How Do You Revamp Your Walk-in Closet?
Does your walk-in closet “spark joy,” or does it bring you anxiety instead? Do you want to work in changing the looks of your closet? If your closet seems small and cluttered, getting your belongings in order and maximizing closet space doesn’t need to be a daunting task. We connected with professional organizers to find the best ways to organize clothes in a closet, with plenty of storage ideas to make luxury a reality in your small space.
1. Clean Out the Closet
The first step towards walk-in closet organization is to completely clean the closet out, removing every last item. Work from the bottom up to tackle shoes and other clutter that has likely accumulated over the years first, and finish with the hanging clothes.
Once everything is out of the closet, wipe down all your shelving and vacuum the floors to truly get a fresh start in this space.
2. Declutter and Decide What to Purge
While you’re sorting through your clothing, you should place each item into one of three piles: keep, donate and throw away. Keep the main staples in your day-to-day wardrobe, donate items in good condition that either don’t fit or that you haven’t worn in a few months, and toss pieces that have seen better days. If you have trouble deciding what to part ways with? We have some expert advice on how to get rid of stuff around the house that can help you get motivated to declutter.
3. Redesign and Add Storage to Maximize Closet Space
Once you’ve decluttered, consider reworking your layout and storage systems to maximize space in your closet. Try to dedicate at least one wall of the closet entirely to clothing rods. By taking advantage of your closet’s height, you’ll make the most of your storage space. The key to organizing a small walk-in closet is to take advantage of prime real estate, and plan to hang your most frequently worn clothes in the most prominent spots of the closet.

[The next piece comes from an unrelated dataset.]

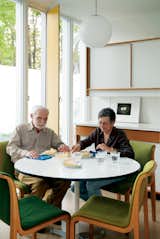 Isaacson and his best friend, Mary T. Hatch, snack at a dining table by Charles and Ray Eames for Herman Miller in the eat-in kitchen.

Avoid These Mistakes When Designing Your Custom Closet
1. You have dead space above the top shelf
If you asked me the #1 mistake I see in ‘so-called’ custom closets, it’s dead space above the top shelf. I’ve seen this mistake repeated even in million-dollar homes. When I see top shelves 24” or more from the ceiling of the closet you’ll undoubtedly experience dead space. Sure, you can put boxes up there and fold clothes, but once you get beyond 12” of stackable materials – piles start to lean or are hard to access.
2. Your builder or remodeler doesn’t use an adjustable system
If you walk into a closet system made of wood, or multi-density fiberboard (MDF) which is painted, and they have a mix of shelves and double hanging space you may think (at first) – this will work fine. However, what you may not consider is the fact that you’re 5’2” tall and your husband is 6’1”. You may not think about where you’re going to put your longer dresses. You may not know (yet) your husband’s suit coats are going to be curled at the bottom.
3. Your shelves aren’t deep enough
This is a ‘hidden’ problem many people don’t see unless they compare their closet to a professionally designed unit. The problem is your shelves are too shallow.
Since it’s cheapest to make 12” shelving, some closet manufacturers only use this system. It’s simple for them. The manufacturers take a 4’ wood or laminate board and cut it into 4 equal pieces. Or to really drive costs down they use cheap 12” deep wire shelves which leave their ‘lovely’ (sarcasm intended) lines along the bottom of your favorite sweaters.